I stumbled away from the explosion, taking refuge in the woods, my movements obscured by the smoke. It struck me that once I was safely out of view, presumably presumed dead, that a rare opportunity was mine for the taking. I could shed my old identity and start over without any of the negative baggage the old self dragged around.

At first, overwhelmed by choices, I couldn’t decide who or what I wanted to be, but then I thought why not a free-floating presence, a different identity for every occasion.

It was possible of course, though perhaps less than likely, that the authorities might not assume that I was the charred remains in the exploded car. So I continued on my way, pushing myself to go faster until it felt as though I had reached my limit.

My leg had been hurting so I snapped a branch from a dying tree to use as a makeshift cane.

I must have traveled about two miles when I heard voices up ahead. From what I could make out, there were two men, perhaps boys, and a woman and they were arguing about whether to go on or turn back.

I overheard the following conversation before revealing myself.

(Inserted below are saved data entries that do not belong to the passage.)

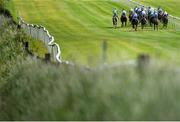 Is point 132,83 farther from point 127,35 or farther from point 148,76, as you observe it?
point 127,35

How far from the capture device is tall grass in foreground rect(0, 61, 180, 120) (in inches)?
359

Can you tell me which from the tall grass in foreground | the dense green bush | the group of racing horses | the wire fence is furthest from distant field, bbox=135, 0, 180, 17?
the tall grass in foreground

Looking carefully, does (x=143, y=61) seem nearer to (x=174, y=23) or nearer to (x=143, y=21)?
(x=143, y=21)

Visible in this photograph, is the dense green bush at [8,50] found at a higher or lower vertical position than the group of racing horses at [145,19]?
higher

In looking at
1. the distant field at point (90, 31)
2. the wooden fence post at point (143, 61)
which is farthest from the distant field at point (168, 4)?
the wooden fence post at point (143, 61)

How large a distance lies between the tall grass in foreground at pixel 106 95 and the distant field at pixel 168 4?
48334 mm

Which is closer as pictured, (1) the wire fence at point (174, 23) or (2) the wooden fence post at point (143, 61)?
(2) the wooden fence post at point (143, 61)

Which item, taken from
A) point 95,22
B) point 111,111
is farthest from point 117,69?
point 95,22

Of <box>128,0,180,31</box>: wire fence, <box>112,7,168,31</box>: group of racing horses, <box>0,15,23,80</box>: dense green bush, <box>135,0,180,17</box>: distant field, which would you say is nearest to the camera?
<box>0,15,23,80</box>: dense green bush

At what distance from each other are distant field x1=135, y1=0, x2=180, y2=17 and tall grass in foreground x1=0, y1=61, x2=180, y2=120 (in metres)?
48.3

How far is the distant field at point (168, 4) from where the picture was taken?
63122 mm

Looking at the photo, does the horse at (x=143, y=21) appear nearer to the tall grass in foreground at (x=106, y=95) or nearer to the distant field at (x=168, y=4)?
the distant field at (x=168, y=4)

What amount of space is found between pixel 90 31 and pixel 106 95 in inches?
1365

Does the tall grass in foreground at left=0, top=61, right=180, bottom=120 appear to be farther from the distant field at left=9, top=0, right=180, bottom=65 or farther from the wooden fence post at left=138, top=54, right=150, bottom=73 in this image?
the distant field at left=9, top=0, right=180, bottom=65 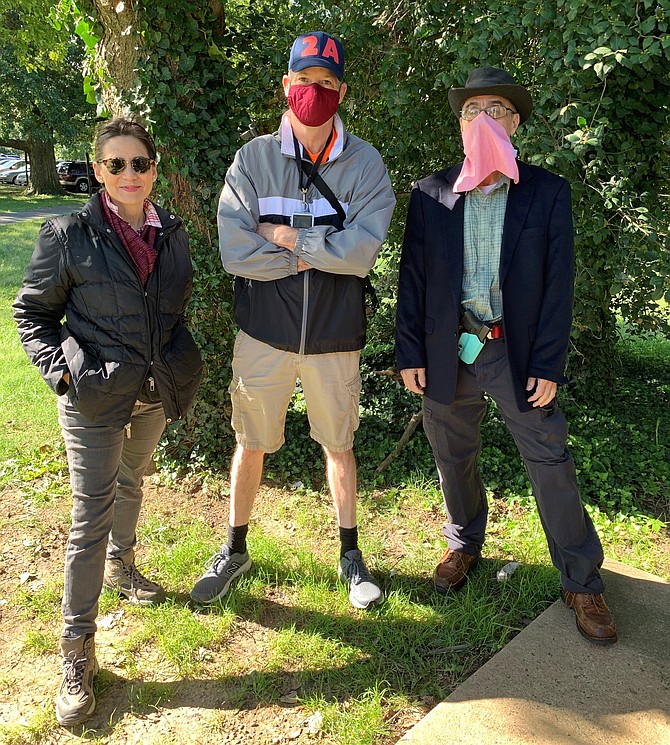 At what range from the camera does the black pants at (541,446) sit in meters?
2.95

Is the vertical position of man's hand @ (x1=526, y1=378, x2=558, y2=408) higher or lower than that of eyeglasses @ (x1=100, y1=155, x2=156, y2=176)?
lower

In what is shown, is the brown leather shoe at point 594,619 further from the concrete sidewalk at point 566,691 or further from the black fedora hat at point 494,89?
the black fedora hat at point 494,89

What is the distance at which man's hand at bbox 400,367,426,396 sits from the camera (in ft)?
10.3

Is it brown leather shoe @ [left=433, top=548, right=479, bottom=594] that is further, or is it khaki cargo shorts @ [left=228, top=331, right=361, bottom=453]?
brown leather shoe @ [left=433, top=548, right=479, bottom=594]

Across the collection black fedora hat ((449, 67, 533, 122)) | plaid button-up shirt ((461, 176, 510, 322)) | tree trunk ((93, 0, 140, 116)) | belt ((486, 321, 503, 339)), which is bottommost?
belt ((486, 321, 503, 339))

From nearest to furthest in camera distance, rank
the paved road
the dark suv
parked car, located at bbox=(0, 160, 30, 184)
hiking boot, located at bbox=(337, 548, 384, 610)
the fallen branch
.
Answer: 1. hiking boot, located at bbox=(337, 548, 384, 610)
2. the fallen branch
3. the paved road
4. the dark suv
5. parked car, located at bbox=(0, 160, 30, 184)

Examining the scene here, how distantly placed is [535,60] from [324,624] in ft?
10.7

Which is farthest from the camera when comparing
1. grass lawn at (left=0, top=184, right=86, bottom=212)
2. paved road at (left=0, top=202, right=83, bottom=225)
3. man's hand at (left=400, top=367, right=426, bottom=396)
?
grass lawn at (left=0, top=184, right=86, bottom=212)

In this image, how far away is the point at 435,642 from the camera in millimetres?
3131

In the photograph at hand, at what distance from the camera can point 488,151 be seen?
2775 millimetres

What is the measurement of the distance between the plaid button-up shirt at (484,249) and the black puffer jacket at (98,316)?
123cm

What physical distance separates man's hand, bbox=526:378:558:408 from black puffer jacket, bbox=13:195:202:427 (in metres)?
1.46

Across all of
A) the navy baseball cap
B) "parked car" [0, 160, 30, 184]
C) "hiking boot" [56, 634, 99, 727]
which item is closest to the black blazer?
the navy baseball cap

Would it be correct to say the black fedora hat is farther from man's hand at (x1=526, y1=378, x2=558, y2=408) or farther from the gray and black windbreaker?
man's hand at (x1=526, y1=378, x2=558, y2=408) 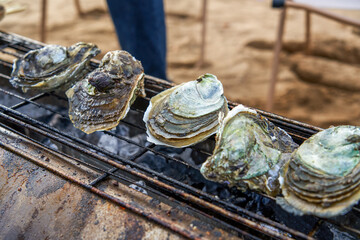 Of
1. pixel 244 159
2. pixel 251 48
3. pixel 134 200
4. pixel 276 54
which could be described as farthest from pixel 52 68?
pixel 251 48

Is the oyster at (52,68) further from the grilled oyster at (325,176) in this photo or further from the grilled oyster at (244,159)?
the grilled oyster at (325,176)

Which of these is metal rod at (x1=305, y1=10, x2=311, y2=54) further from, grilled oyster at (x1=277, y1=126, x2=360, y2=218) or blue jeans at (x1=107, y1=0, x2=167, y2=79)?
grilled oyster at (x1=277, y1=126, x2=360, y2=218)

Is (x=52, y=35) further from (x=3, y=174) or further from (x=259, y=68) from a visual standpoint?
(x=3, y=174)

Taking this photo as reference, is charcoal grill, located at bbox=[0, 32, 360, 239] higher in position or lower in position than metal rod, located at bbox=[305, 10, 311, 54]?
higher

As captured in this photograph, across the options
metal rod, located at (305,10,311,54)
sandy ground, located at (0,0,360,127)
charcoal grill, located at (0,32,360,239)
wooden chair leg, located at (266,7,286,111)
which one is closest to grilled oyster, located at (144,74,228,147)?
charcoal grill, located at (0,32,360,239)

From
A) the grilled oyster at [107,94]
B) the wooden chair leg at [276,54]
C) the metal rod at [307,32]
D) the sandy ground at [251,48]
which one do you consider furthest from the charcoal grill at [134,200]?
the metal rod at [307,32]

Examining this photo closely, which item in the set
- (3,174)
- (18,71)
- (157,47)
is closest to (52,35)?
(157,47) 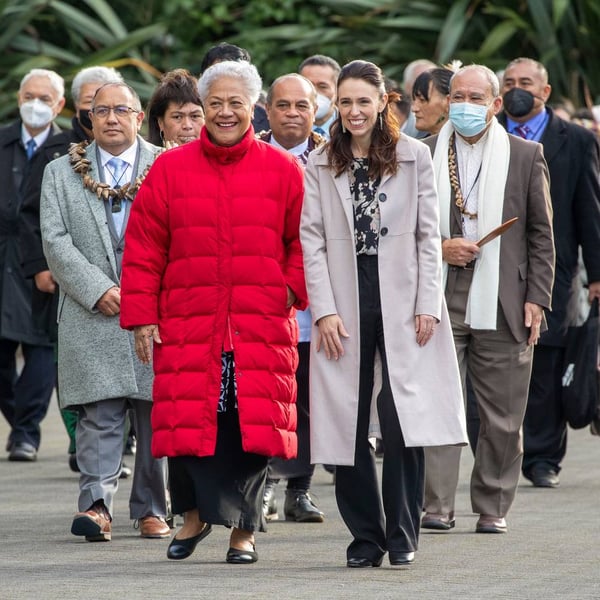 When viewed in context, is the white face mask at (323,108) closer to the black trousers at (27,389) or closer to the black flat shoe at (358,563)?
the black trousers at (27,389)

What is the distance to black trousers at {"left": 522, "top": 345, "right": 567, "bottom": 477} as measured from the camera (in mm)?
10008

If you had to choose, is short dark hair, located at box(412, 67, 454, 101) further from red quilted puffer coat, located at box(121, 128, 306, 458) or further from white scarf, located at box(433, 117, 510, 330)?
red quilted puffer coat, located at box(121, 128, 306, 458)

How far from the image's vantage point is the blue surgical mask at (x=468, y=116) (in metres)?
8.24

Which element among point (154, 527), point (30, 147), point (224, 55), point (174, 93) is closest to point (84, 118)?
point (224, 55)

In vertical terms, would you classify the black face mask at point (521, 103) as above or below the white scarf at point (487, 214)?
above

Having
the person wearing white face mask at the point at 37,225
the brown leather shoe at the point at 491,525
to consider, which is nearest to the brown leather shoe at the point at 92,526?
the brown leather shoe at the point at 491,525

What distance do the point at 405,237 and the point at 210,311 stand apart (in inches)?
30.8

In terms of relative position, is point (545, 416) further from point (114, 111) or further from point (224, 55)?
point (114, 111)

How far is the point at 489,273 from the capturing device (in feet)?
27.0

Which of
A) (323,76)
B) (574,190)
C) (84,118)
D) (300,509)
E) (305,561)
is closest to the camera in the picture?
(305,561)

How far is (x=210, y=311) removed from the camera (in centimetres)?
705

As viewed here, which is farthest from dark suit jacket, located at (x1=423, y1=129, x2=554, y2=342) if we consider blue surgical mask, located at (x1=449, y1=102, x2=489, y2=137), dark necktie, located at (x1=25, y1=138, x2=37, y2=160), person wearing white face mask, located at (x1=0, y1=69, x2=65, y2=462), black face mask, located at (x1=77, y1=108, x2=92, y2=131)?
dark necktie, located at (x1=25, y1=138, x2=37, y2=160)

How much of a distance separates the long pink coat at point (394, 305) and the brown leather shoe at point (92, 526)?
3.87 ft

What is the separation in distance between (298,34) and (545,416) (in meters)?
9.02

“Look,” one of the boys was saying, “I’m not ashamed of being scared. If there’s something out there that doesn’t want us to go any further, I’m more than willing to take the hint.”

“Oh, please!” the woman said.

“She’s right,” the other boy said. “Just because we find a corpse in the woods, it doesn’t mean our lives are also at risk. Of course it doesn’t. Besides, bad omens, dire warnings, scary moments are to be expected in an undertaking like ours.”

“Keep your hands where I can see them,” a voice behind me said. Someone had sneaked up on me from my blind side and was pressing a hard object that didn’t feel like a gun into my back.

“Take it easy,” I said. “I’m no danger to you.”

“So you say,” said the figure behind me. “Did Miriam, the dark-haired Miriam, send you? Don’t turn around if you know what’s good for you.”

After he poked me again I gave his wrist a side of the hand chop, knocking whatever he was poking in my back (a green banana as it turned out) to the ground. His cry of pain brought the others in short order. They were older than I had imagined, in their early twenties perhaps, though I’ve never been good at determining age.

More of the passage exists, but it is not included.